En nuestro Siglo de Oro, que tuvo mucho de oropel, el arte de la sastrería fue reivindicado por Juan Luis Vives, coincidiendo con el auge textil, la eclosión de ciertas modas y el coetáneo (sempiterno, en verdad) placer por el lujo. Sazonados frutos fueron los tratados del guipuzcoano Juan de Alcega Libro de geometría y traza de 1580, que más de un desvelo le dio, y del granadino Diego de Freile Geometría y trazas para el oficio del sastre de 1588, que incluyó sonetos de autores como Miguel Díaz de Alarcón.
Parecía que los sastres y su gremio habían conquistado la respetabilidad de la quisquillosa sociedad del Antiguo Régimen, pero el camino a recorrer todavía era largo y tortuoso. El gran Quevedo, satírico en vena, los fustigó sin contemplaciones en El sueño del infierno, escrito en 1608 y publicado finalmente en 1627. “Deben entender los sastres en el mundo que no se hizo el infierno sino para ellos”, sentenció el temible don Francisco.

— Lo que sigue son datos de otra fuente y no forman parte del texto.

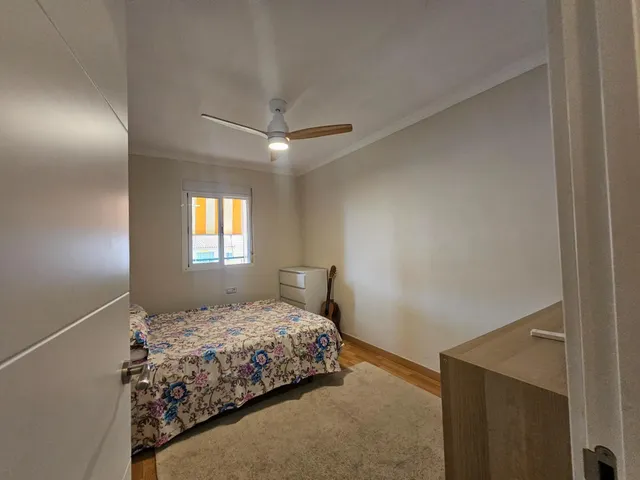 Piso familiar con Garaje, Trastero y Piscina en El Pinillo, a 800 Metros del Mediterráneo — 28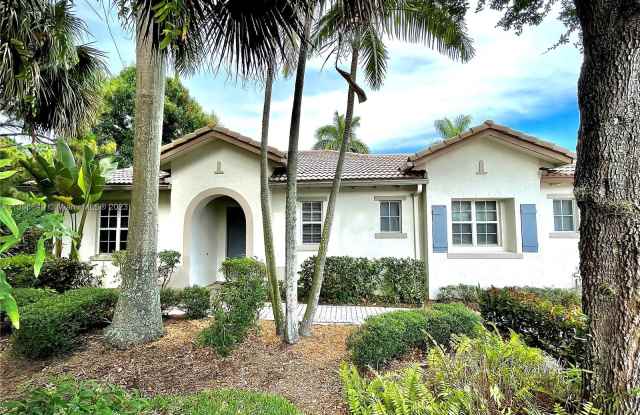 640 Moondancer Ct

Las ordenanzas requenenses de 1622 no se mostraron tampoco contentas con su proceder, por mucho que la antigua costumbre lo puntualizara, aunque en unos términos más moderados. Sus labores, de hecho, estaban supervisadas por el poder municipal, nombrándose anualmente veedores o inspectores de sastrería, dentro de la preocupación por el bienestar público local.
Se hizo hincapié en que los sastres debían esmerarse en su tarea y en dar fin a las prendas encomendadas por los vecinos, cortadas y tomadas en sus domicilios, según uso bien establecido por el tiempo, verdadero señor de la ley entre aquellas gentes.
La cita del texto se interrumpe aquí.